I also have a patch in the works to add a /proc entry to monitor vaps to allow us to see error frames, such as frames that failed their fcs, were too short, etc.
Well, that was a long post. It’s been a very productive week and next week is looking very interesting indeed.
September 8th, 2006
Spent some time today figuring out how to get low-level radio information from Atheros-based wireless cards. A madwifi device can be set to a pretty standard monitor mode, with a choice of several encapsulations. 802.11 is better than nothing, but doesn’t give the physical layer information I’m after. Radiotap and Prism monitoring headers are also supported, as well as output of the actual atheros descriptors used by the driver/HAL which contain HAL status information after each descriptor is processed by the hardware. The atheros descriptor format is something I’d like to look at later. With a choice of Prism or Radiotap, I’m going with Radiotap as it seems much saner.

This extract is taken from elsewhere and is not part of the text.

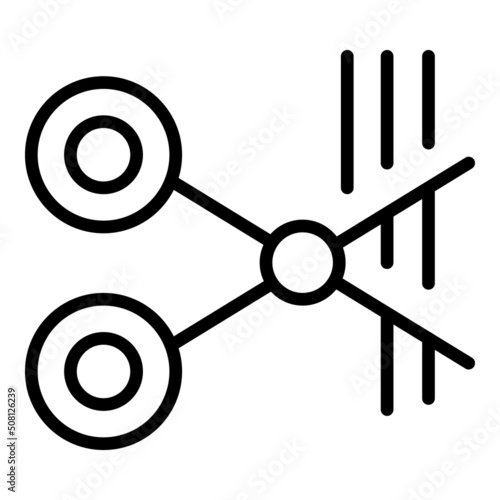 Head hair scissors icon outline vector. Beauty salon. Inside care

Radiotap allows us to on a per-packet basis get RSSI (signal in db above noise floor), timing information (a 64-bit value in microseconds indicating when the first bit of the MPDU hit the MAC), rate, channel, and most importantly (for me at least) the 802.11 frame-check sequence which is usually stripped off the end of the frame before being passed up.
Unfortunately, it seems that pcap doesn’t know about the radiotap ARPHRD used by madwifi, which is fair enough I guess, as neither libc nor linux have defined an ARPHRD for radiotap yet. What this means is that tcpdump will fall back to linux SLL and you’ll end up with an unusable trace.

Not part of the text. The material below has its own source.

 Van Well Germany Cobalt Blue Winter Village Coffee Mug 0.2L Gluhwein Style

Enter libtrace. libtrace doesn’t have radiotap support yet, but after a bit of a chat with Perry I’ve got it recognising the ARPHRD madwifi uses and I can now open a trace on a live device and get the radiotap headers. Right now I’m just grabbing each frame and manually casting to a radiotap structure, but I plan on implementing proper radiotap support in libtrace over the next while, which should be interesting and allow us to do fun things like run tracedump over a radiotap trace.
So there’s a few things on my todo list now…

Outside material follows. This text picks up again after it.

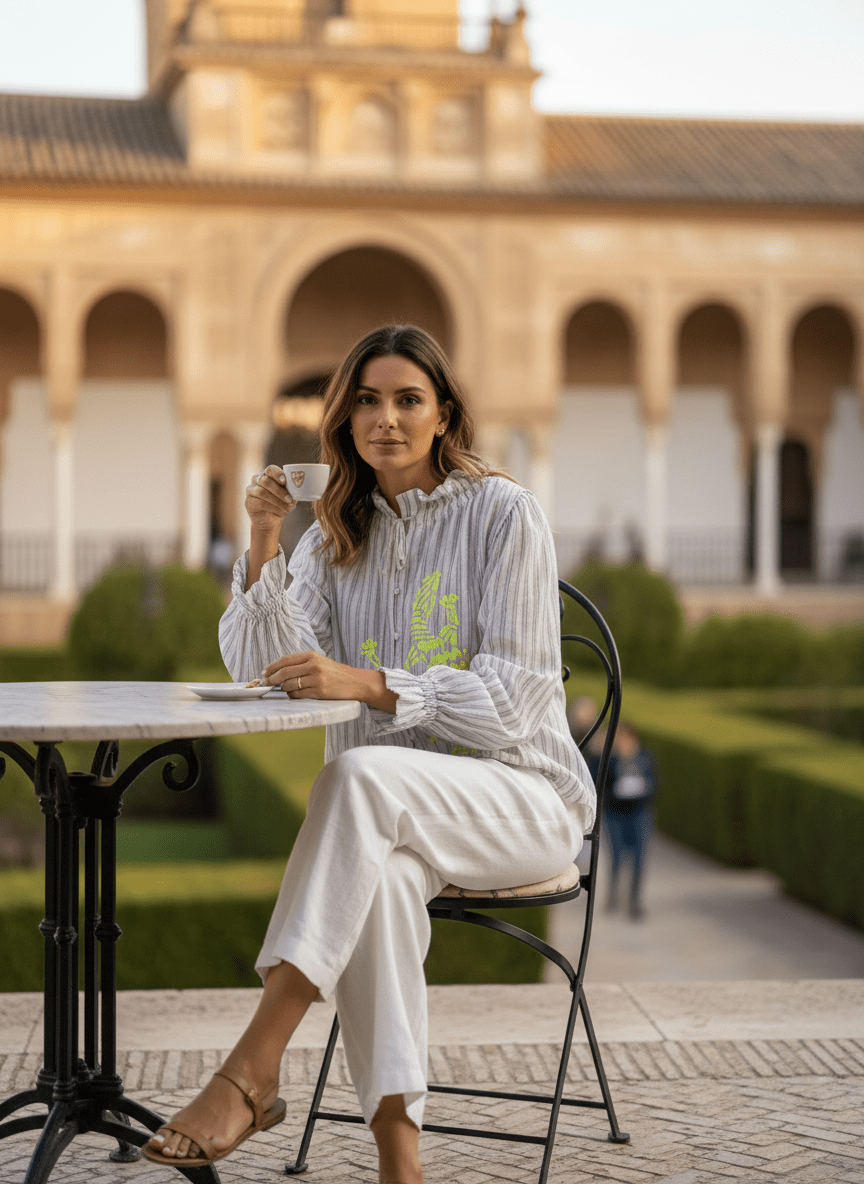 TOP DAYA RAYURES ECRUES ET BL - CASBAH LOVE Top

- Implement proper radiotap support in libtrace
- Add a /proc interface to madwifi monitor vaps to enable passing up frames that fail their FCS (and other error frames)
- Figure out exactly what does/doesn’t work when creating a monitor mode vap when there’s already a sta/ap/adhoc vap around
- Create libtrace packages for crcnet-bpc
- Grab some decent traces from CRCnet with radiotap headers enabled
- Analyse
That should keep me busy for a while at least… Hopefully this work will also help with things like the link-testing stuff that Ivan is up to at the moment.